While I was going through some old mail, I discovered that I received two returned letters which were addressed to the same individual. I don't know the individual. The two letters were dated about 1 month apart. The return address had my street address on it, but claimed that it was sent from "an agent of" some financial services company X.
I did not open the letters. Based on what I did see, my assumptions are as following:
- This is a debt collector who does not wish to reveal their true location.
- The debt collector does not understand the law, or understands it all-too-well, and wants to mask their physical location to protect themselves against a retaliation.
- The wrong return address was not printed on the letters by mistake. Since the entity sending the letters purports to be a services company, it sends a lot of them. If there was a mistake, it would have been fixed over the period of a full month.
My concern is that whoever is receiving the letters (unlike the ones which were returned to me as "undeliverable"), may be unstable and potentially dangerous.

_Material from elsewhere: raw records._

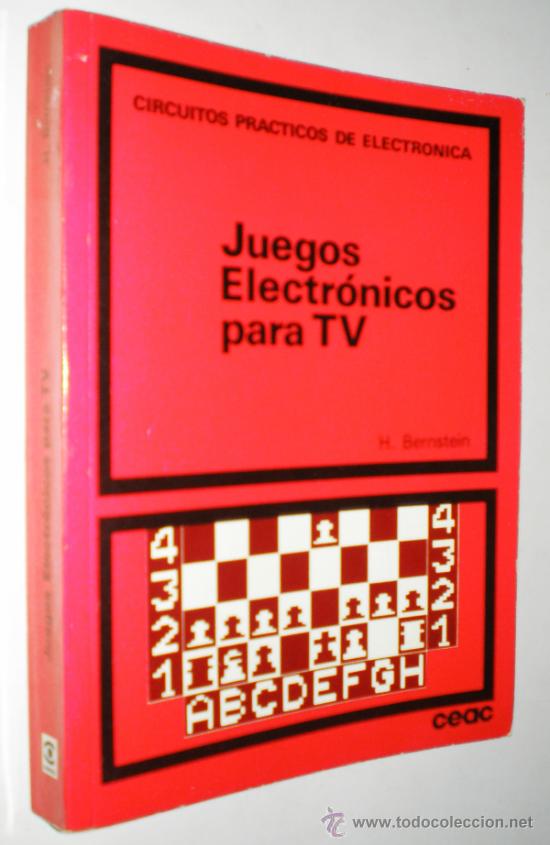 Libros de segunda mano: H. BERNSTEIN: CIRCUITOS PRACTICOS DE ELECTRONICA - JUEGOS ELECTRONICOS PARA TV. - Foto 1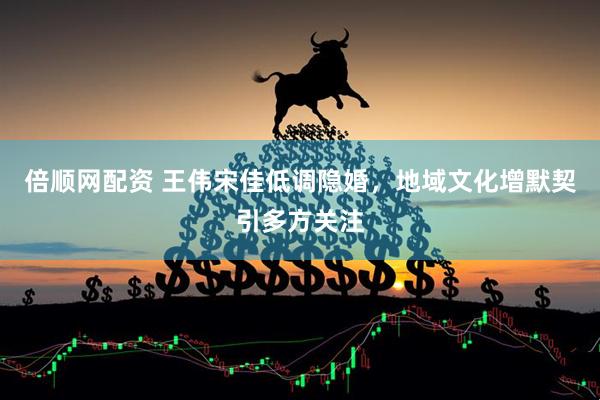 倍顺网配资 王伟宋佳低调隐婚，地域文化增默契引多方关注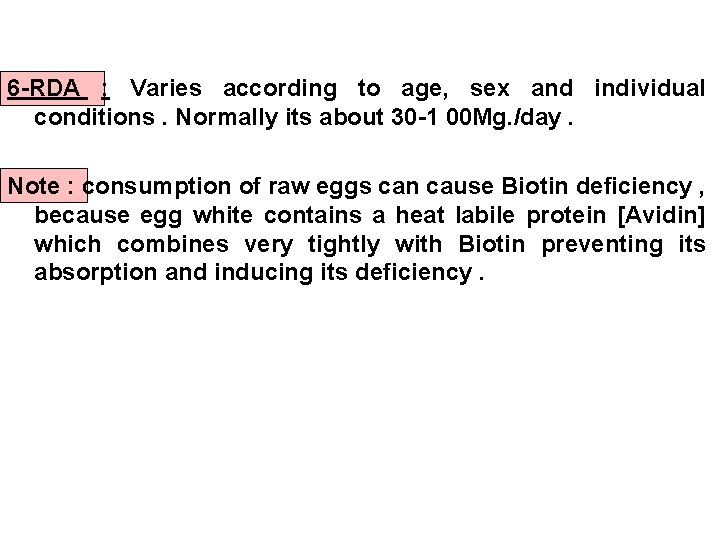 6 -RDA : Varies according to age, sex and individual conditions. Normally its about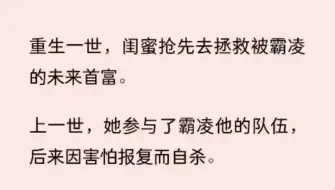 Скачать видео: （全文）重生一世，闺蜜抢先去拯救被霸凌的未来首富。  上一世，她参与了霸凌他的队伍，后来因害怕报复而自杀。  而我却因为默默关心他，最后成了有名的富家太太，婚后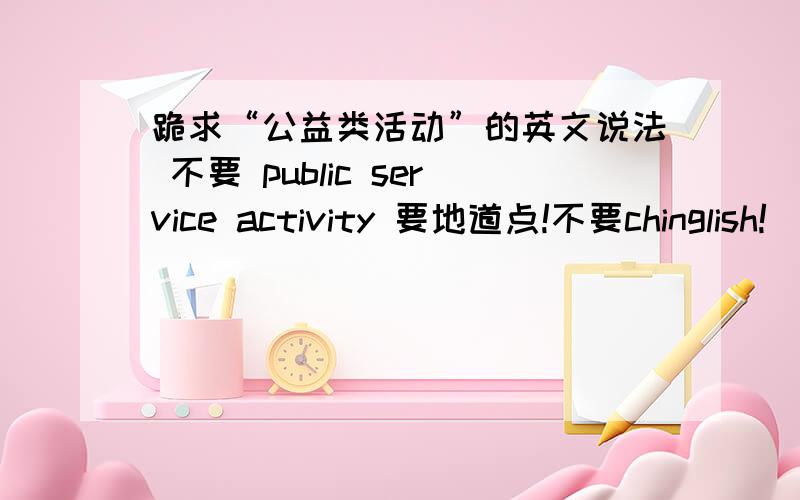 跪求“公益类活动”的英文说法 不要 public service activity 要地道点!不要chinglish!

I called the non-emergency police line and the dispatcher said they could not look up if there was any current investigation into the company mentioned on the return address. I still haven't opened the letters in case there is another law-enforcement entity which may wish to examine them.
Both "send" and "return" addresses are in the state of WA. Should I call the FBI's general line? It is, after all, Federal mail. Or is this perfectly legal and I should just return the letters to the post office?